This notebook demonstrates the effect of using data augmentation for training CNNs. In particular, we will load a subset of the CIFAR10 dataset will both train a CNN with and without data augmentation. In the following, we will make use of keras, which simplies training CNNs a lot. Note that we will make use of tensorflow as backend. This permits, for instance, to use tensorboard to visualize the model and the output generated.

This tutorial is based on a couple of other tutorials that are available online. It might be worse checking them out as well at some point!
* [http://parneetk.github.io/blog/cnn-cifar10/](http://parneetk.github.io/blog/cnn-cifar10/)
* [https://blog.keras.io/building-powerful-image-classification-models-using-very-little-data.html](https://blog.keras.io/building-powerful-image-classification-models-using-very-little-data.html)
* [https://github.com/stratospark/food-101-keras](https://github.com/stratospark/food-101-keras)
* [https://chsasank.github.io/keras-tutorial.html](https://chsasank.github.io/keras-tutorial.html)

In [None]:
import matplotlib.pyplot as plt

import os
import time
import numpy

from keras import backend as K
K.set_image_dim_ordering('th')
from keras.utils import np_utils
from keras.models import Sequential
from keras.layers import Dense, Dropout, Activation, Flatten
from keras.layers import Convolution2D, MaxPooling2D, Cropping2D
from keras.preprocessing.image import ImageDataGenerator

Next, we will use the [CIFAR-10 dataset](https://www.cs.toronto.edu/~kriz/cifar.html), which depicts a labeled set of images beloning to 10 classes. For this tutorial, we will also reduce the size of the training set to (a) speed up training and to (b) mimic lack of labeled data.

In [None]:
from keras.datasets import cifar10
(train_features, train_labels), (test_features, test_labels) = cifar10.load_data()

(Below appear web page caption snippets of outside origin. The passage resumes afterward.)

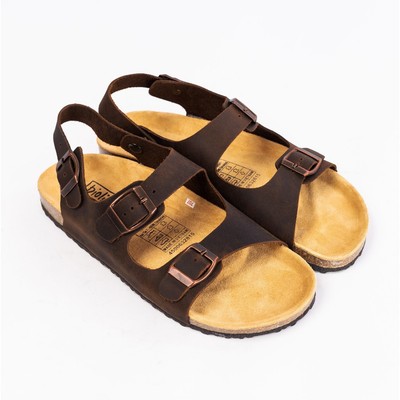 Sandal Birken Đế Trấu Thiết Kế Hai Quai Ngang Da Bò Unisex Nam và Nữ Thương Hiệu Bioline - D02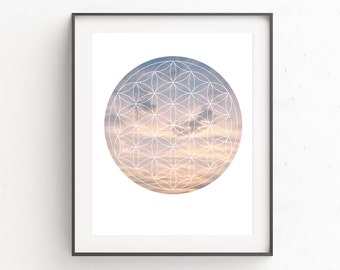 Sacred Geometry Print, Sacred Geometry Art, Flower of Life Picture, Clouds Photo, Clouds Artwork, Pink Artwork, Sacred Geometry, Yoga Prints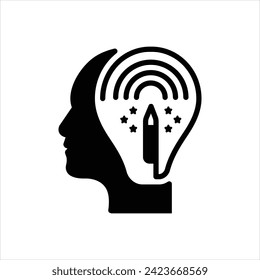 Vector black icon for creativity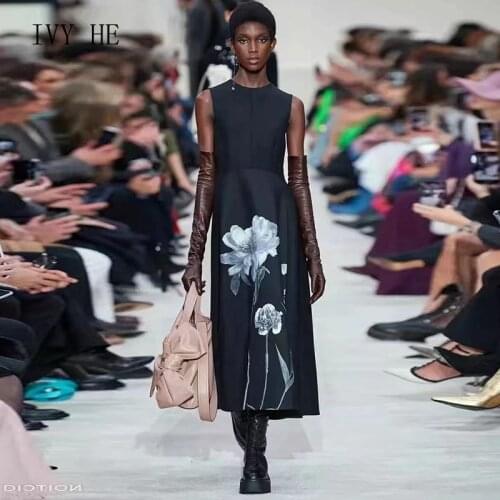 IVY HE 2021 Europe Show Summer Vintage Style Printed Sleeveless Vest Dress Slim Round Neck A-line Swing Black Dresses
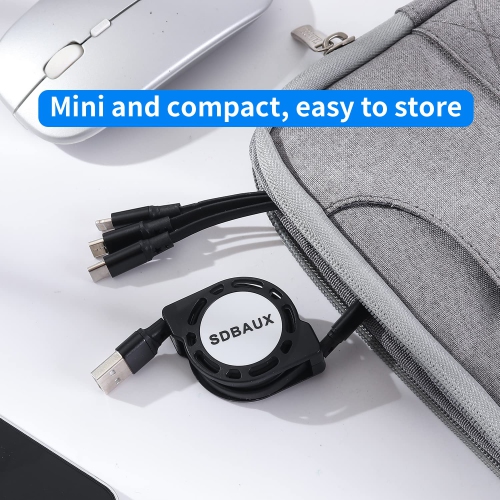 Multi USB Charger Cable Retractable 2Pack 4ft 3 in 1 Multiple Charging Cord Adapter with Type C Micro USB Port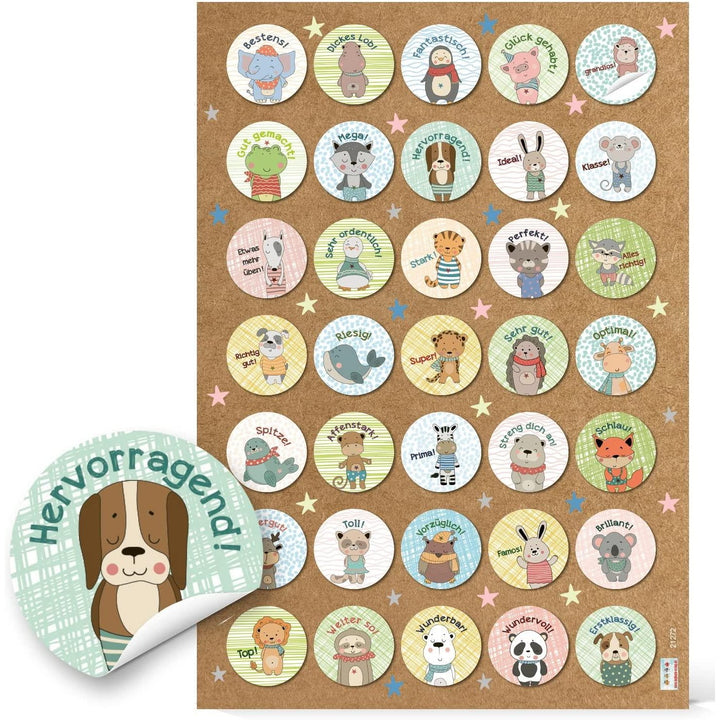 Kleine Belohnungssticker für Schule Kindergarten Unterricht - Ø 3,2 cm 140 Aufkleber / 4 Bögen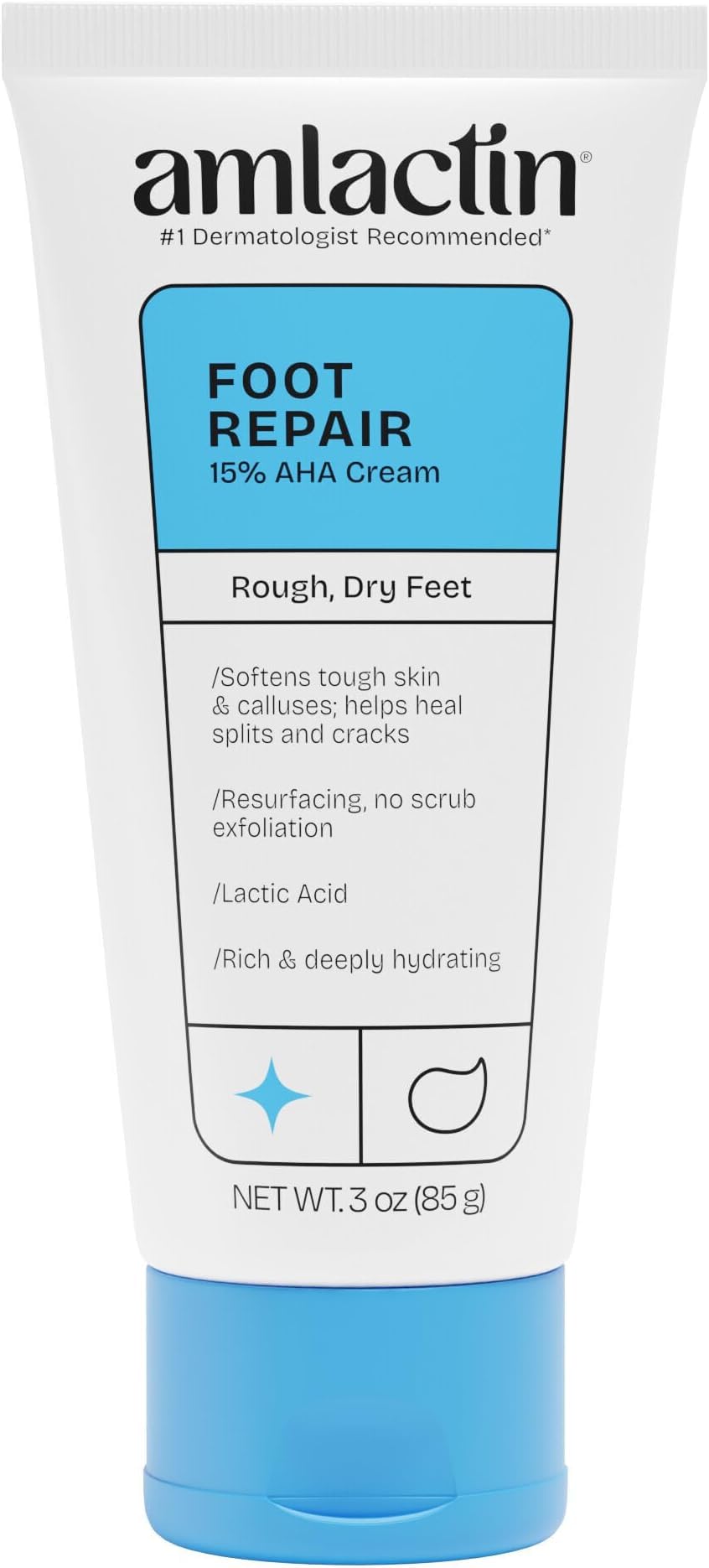 AmLactin Foot Repair Cream, 15% Lactic Acid for Cracked Heels, 3 oz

# only consider a small subset of the training data
n_instances_train = 1000
n_instances_test = 2000
train_features = train_features[:n_instances_train, :, :, :]
train_labels = train_labels[:n_instances_train]
test_features = test_features[:n_instances_test, :, :, :]
test_labels = test_labels[:n_instances_test]
num_classes = len(numpy.unique(train_labels))

print("Number of training instances: %i" % train_features.shape[0])
print("Number of testing instances: %i" % test_features.shape[0])
print("Number of classes: %i" % num_classes)

Next, let's plot one image instance per class!

In [None]:
fig = plt.figure(figsize=(15,5))
all_class_names = ['airplane','automobile','bird','cat','deer', 'dog','frog','horse','ship','truck']

for i in range(num_classes):
    
    # get first image of class i 
    idx = numpy.where(train_labels[:]==i)[0]
    all_images_class_i = train_features[idx]
    im = numpy.transpose(all_images_class_i[0,::], (1, 2, 0))
    
    # plot image
    ax = fig.add_subplot(1, 10, 1 + i, xticks=[], yticks=[])
    ax.set_title(all_class_names[i])
    plt.imshow(im)
    
plt.show()

For training CNNs via keras, it might make sense to rescale the pixel values to [0,1] (such that the default values depict good model parameter assignments). In addition, we need to convert each label to a binary class vector. For instance, an instance with label 1 is mapped to a vector (0,1,0,0,0,0,0,0,0,0).

In [None]:
# rescale pixel values from [0,255] to [0,1]
train_features = train_features.astype('float32') / 255
test_features = test_features.astype('float32') / 255

# convert each class label to a binary vector
train_labels = np_utils.to_categorical(train_labels, num_classes)
test_labels = np_utils.to_categorical(test_labels, num_classes)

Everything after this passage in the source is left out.